For many years, Himself’s nights out were plagued by bad luck. He was always getting a ‘bad pint’ or an ‘iffy curry chips’ and could usually be found spooning a toilet before dawn. For a brief time, we had a bedroom that had a cast-iron, free-standing bathtub beside the bed. I had visions of enjoying a Cadbury’s Flake in it, while sheet music swirled to the floor around me, until Himself, after nights out, began to treat the bath as a remote toilet. I couldn’t even look at it without images of something that looked like mango chutney and smelled like badness flashing across my brain. In our current home, the bathtub is downstairs, and I dared to hope that this inconvenience might cure Himself of his predilection for tub-spewing. I figured that we are parents now, and that defiling bathtubs was a thing of the past.
However, not long after Yer Man was born, I was proved wrong. I woke in the night to that old familiar sound of the ‘bad pint’ being regurgitated. I was aware that the sounds were disturbingly close, but I was too tired to take action and went back to sleep. In the morning, however, I uncovered a depraved scene. Himself was curled, foetus-like, around the baby bath. Even more horrific was the fact that he hadn’t even bothered to put in the stopper, and some kind of hell juice was slowly draining out onto the floor.
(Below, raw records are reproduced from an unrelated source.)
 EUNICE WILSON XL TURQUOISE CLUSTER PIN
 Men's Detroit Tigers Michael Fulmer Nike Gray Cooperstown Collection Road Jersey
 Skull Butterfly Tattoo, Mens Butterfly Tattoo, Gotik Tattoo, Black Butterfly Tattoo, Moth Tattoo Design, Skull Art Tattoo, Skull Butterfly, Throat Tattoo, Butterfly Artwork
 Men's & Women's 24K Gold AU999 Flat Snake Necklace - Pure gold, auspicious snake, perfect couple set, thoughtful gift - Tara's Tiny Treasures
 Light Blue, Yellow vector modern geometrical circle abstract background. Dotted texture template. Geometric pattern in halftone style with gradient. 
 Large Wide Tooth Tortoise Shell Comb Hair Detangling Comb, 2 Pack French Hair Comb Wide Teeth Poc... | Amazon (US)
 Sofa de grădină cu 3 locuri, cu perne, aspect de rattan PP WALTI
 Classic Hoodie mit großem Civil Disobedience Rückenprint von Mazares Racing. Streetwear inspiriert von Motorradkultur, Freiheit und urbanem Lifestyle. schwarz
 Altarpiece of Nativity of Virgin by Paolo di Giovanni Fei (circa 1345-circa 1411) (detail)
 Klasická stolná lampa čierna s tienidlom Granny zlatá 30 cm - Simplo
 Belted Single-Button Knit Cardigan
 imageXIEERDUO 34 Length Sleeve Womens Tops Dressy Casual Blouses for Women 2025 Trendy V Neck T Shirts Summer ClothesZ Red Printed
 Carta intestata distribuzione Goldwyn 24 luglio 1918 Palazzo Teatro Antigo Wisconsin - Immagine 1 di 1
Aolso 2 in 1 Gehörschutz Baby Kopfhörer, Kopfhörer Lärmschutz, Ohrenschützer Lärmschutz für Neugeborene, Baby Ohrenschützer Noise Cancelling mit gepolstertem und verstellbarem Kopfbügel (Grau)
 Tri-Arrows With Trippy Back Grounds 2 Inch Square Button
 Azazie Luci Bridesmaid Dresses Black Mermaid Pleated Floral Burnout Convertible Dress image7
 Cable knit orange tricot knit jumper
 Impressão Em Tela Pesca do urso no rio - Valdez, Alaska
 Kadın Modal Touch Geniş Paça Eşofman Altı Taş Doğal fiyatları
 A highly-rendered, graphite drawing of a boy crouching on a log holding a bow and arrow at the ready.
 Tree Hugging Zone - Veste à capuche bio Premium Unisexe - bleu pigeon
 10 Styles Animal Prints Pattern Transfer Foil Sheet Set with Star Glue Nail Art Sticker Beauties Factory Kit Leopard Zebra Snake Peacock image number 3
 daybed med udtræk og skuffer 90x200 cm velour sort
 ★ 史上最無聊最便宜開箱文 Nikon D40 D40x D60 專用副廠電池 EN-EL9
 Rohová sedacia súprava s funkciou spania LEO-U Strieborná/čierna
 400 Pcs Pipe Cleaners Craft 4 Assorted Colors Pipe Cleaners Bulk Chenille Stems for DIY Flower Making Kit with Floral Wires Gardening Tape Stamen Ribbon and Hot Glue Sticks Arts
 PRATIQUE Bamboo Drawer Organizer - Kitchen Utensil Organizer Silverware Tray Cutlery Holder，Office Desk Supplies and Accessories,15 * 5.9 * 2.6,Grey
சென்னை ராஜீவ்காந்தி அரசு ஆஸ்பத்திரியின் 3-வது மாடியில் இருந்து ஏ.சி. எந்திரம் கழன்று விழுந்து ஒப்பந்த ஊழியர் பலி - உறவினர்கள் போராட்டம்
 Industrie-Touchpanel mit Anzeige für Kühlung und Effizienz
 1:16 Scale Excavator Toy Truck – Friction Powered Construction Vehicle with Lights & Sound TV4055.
My first instinct was to launch a reign of intense passive-aggression, manifesting as prolonged silent treatment, during which I would do housework really loudly. But I pulled back and realised that the best course of action was mercy. That is how this sandwich came to be ...
It can really only be attempted when you are so filled with self-loathing and remorse that eating a fried cheese-and-bacon sandwich doesn’t seem so bad when compared with your original crimes.
Serves 1
Ingredients
2 tablespoons butter (don’t skip this bit, as it is the main source of the cure)
2 slices thick white bread (I think sourdough is the nicest, rather than sliced pan)
2 crispy bacon rashers
4 slices Brie
1 tablespoon apricot jam
Preheat the oven to 150°C/Gas 2. Put about 1 tablespoon of the butter in an ovenproof castiron frying pan over a medium–high heat and heat until melted. Put a slice of bread on the pan and then top it with the bacon and cheese. Spread the jam on one side of the other slice of bread and place this, jam-side down, on top of the bread in the pan. Spread the top of this slice with the remaining butter. When the underside of the sandwich is golden brown, flip it, then put the pan in the preheated oven for about 5 minutes to finish.